Stephen has killed two.
I have saved one.
We need the odds stacked better.
Oddly enough, it seems like we are stacking them against ourselves shortly, by accepting delivery of two more dogs who have never lived with chickens.
Elderly Fred, my parents' dog, is coming at Christmas to live out his golden years on the farm. He is a tremendously sweet, thoroughly daft, black lab and something, maybe chow. A mutt stray who showed up at their house 10 years ago and fell in love with my dog Lucy. The two of them lived together (they were miserable when apart), going back and forth between our house and my parents' until last December, when Lucy died at almost 14. Lucy is buried up in the big pines. It took Fred quite a while to get over her death. He wouldn't eat for days. He really never has gotten back to his old self, actually.
Luke will be coming after New Years. He is a beautiful Australian Shepherd whose family had to move to an apartment. He is miserable there and loves his visits here. He has a very strong natural herding instinct with the cattle, and is very responsive to commands. He has received extensive obedience training.
You may be thinking, "She says FRED is daft? They have a problem with the dog and chickens and they are getting MORE dogs?"
Well, it might not be the perfect timing, but I don't exactly control the universe. These two dogs need homes now, and we think this would be a good place for them. In addition, we ARE going to fence the dogs out of the chickens. Which really means fencing the chickens in, but we are working on ideas for doing that portably so that the chickens can continue to range in fresh grass daily.
Stephen and I are going to spend the week after Christmas fencing (hooray!), and renovating the area of the barn that will be for the goats.

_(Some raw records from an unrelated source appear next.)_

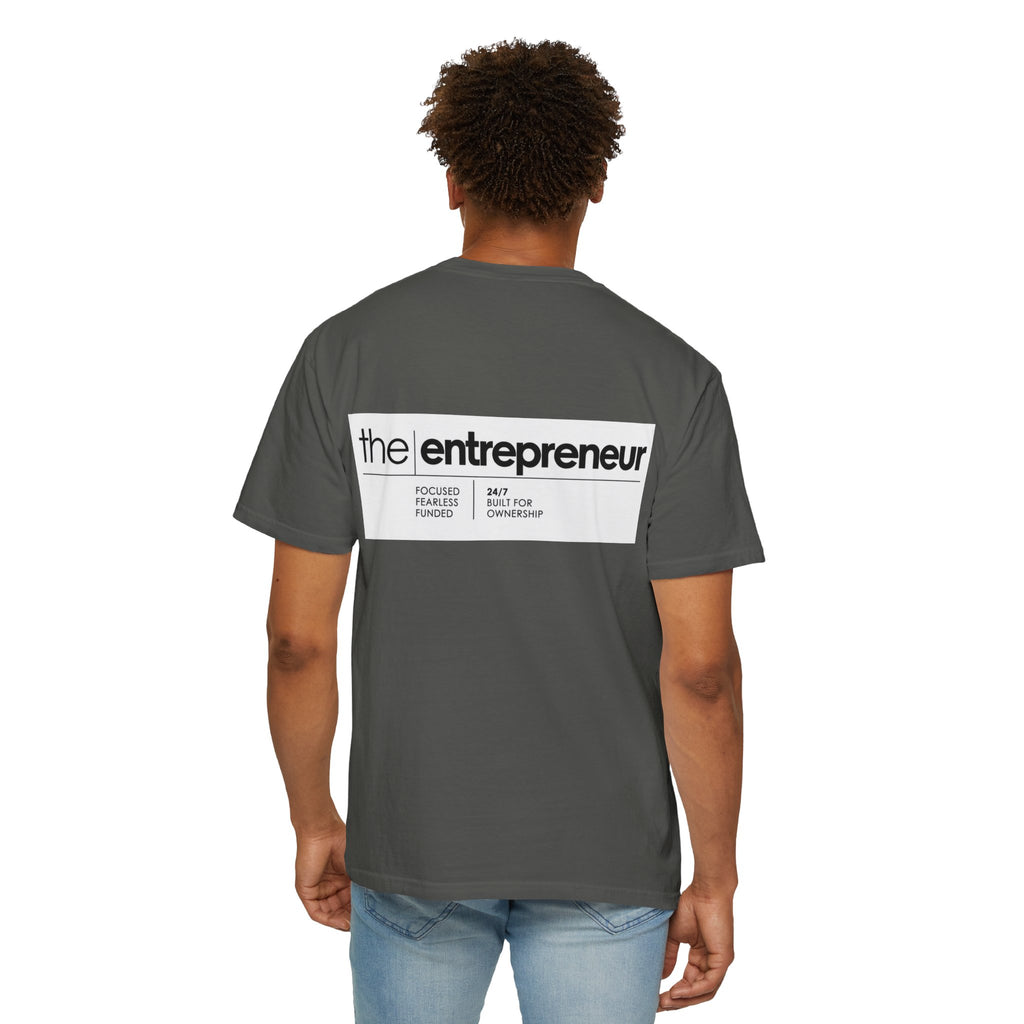 The Entrepreneur Garment-Dyed T-Shirt — Focused, Fearless, Funded Business Owner Tee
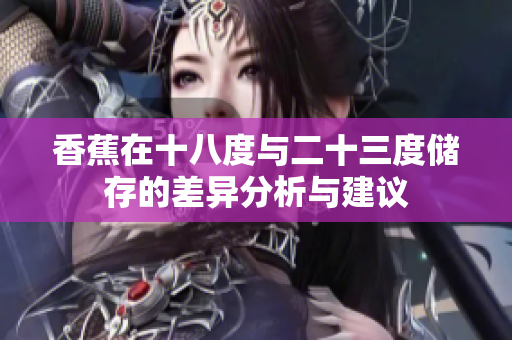 香蕉在十八度与二十三度储存的差异分析与建议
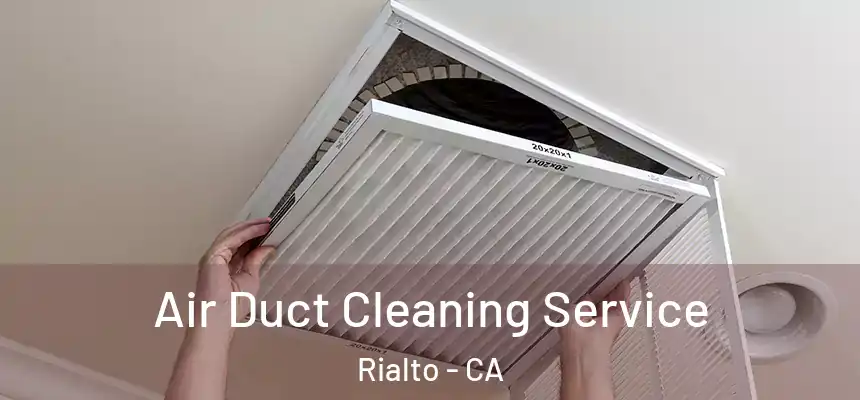 Air Duct Cleaning Service Rialto - CA
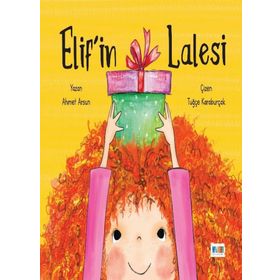 Elif'in Lalesi - Ahmet Arsun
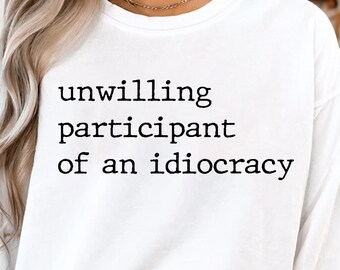 Comfort Colors® Unwilling Participant of an Idiocracy Shirt, Kakistocracy Shirt, Political Anti Trump Tee, Gender Neutral Shirt, Resist Tees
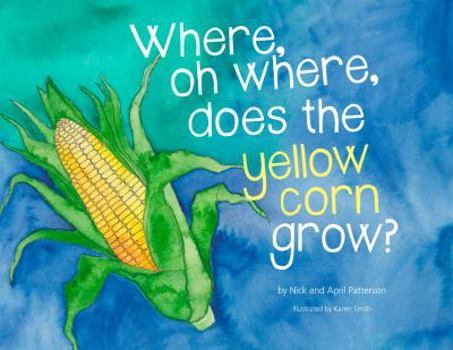 Hardcover Where, oh where, does the yellow corn grow? Book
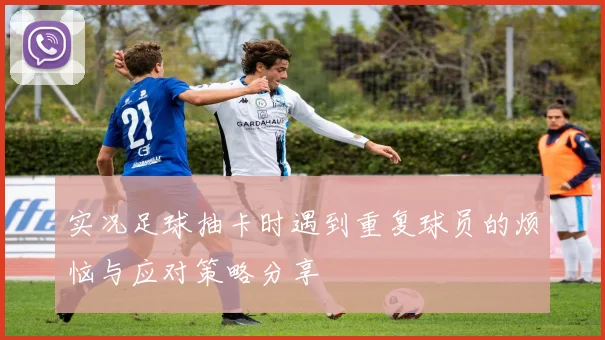 实况足球抽卡时遇到重复球员的烦恼与应对策略分享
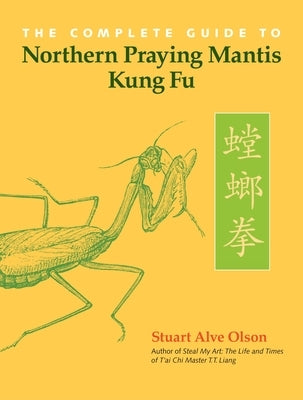 The Complete Guide to Northern Praying Mantis Kung Fu by Olson, Stuart Alve
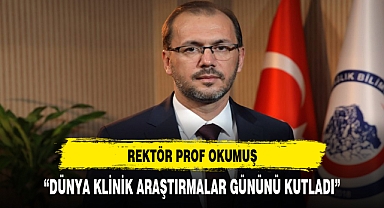REKTÖR OKUMUŞ KLİNİK ARAŞTIRMALAR GÜNÜNÜ KUTLADI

Goats!! Yes, goats! The long awaited goats are hopefully coming to their new home in January. I've made arrangements to purchase two purebred LaMancha does. One cycled this month so their current owner brought them to breed at another farm with a LaMancha buck. Rosie did breed, but tragically, died suddenly the next day from unrelated problems. Her sister, Snowy, is staying there until she cycles in the hopes that she'll breed this year. If she gets pregnant, she will kid in May. So we will have milk in June!
Since Snowy will no longer have the companionship of her sister, I have decided to purchase the wether ("fixed" male) that Snowy and Rosie grew up with. Sylvester will obviously not give milk, but he will serve an important purpose... keeping Snowy happy. Goats are very social and are miserable when alone.
I actually think this is a big part of the problem for Molly. Imagine... you grow up on a farm with your best buddy. He gets you pregnant. You have a nice litter of puppies. They get big enough and one by one they get taken away from you. Then your owners move, taking your best buddy, and leave you with people you don't know and just one of your pups. Two weeks later your pup is hit by a car and dies.
I think Molly is lonely, and I think she is bored. She is still pretty young and very playful. I suspect she is herding the chickens when we are away, a natural instinct she has whenever she sees anything run. She nips at them, just as she would at a cow's leg to herd it, and actually breaks skin. Then she either eats it because it is too tasty to resist, or plays with it until it is dead. Two of the chickens she killed have been dismembered. The one I found today was whole, and had been dead for quite a while, so perhaps she did her best to restrain herself once the deed was done? I don't know. It really is an awful sight, these poor birds.
But I don't cry about it any more. My feelings like that have turned to people. I have been thinking so much about the huge number of people so much less fortunate than we are, in such dire circumstances. Well, that is food for another post, but it has been weighing heavily on my mind.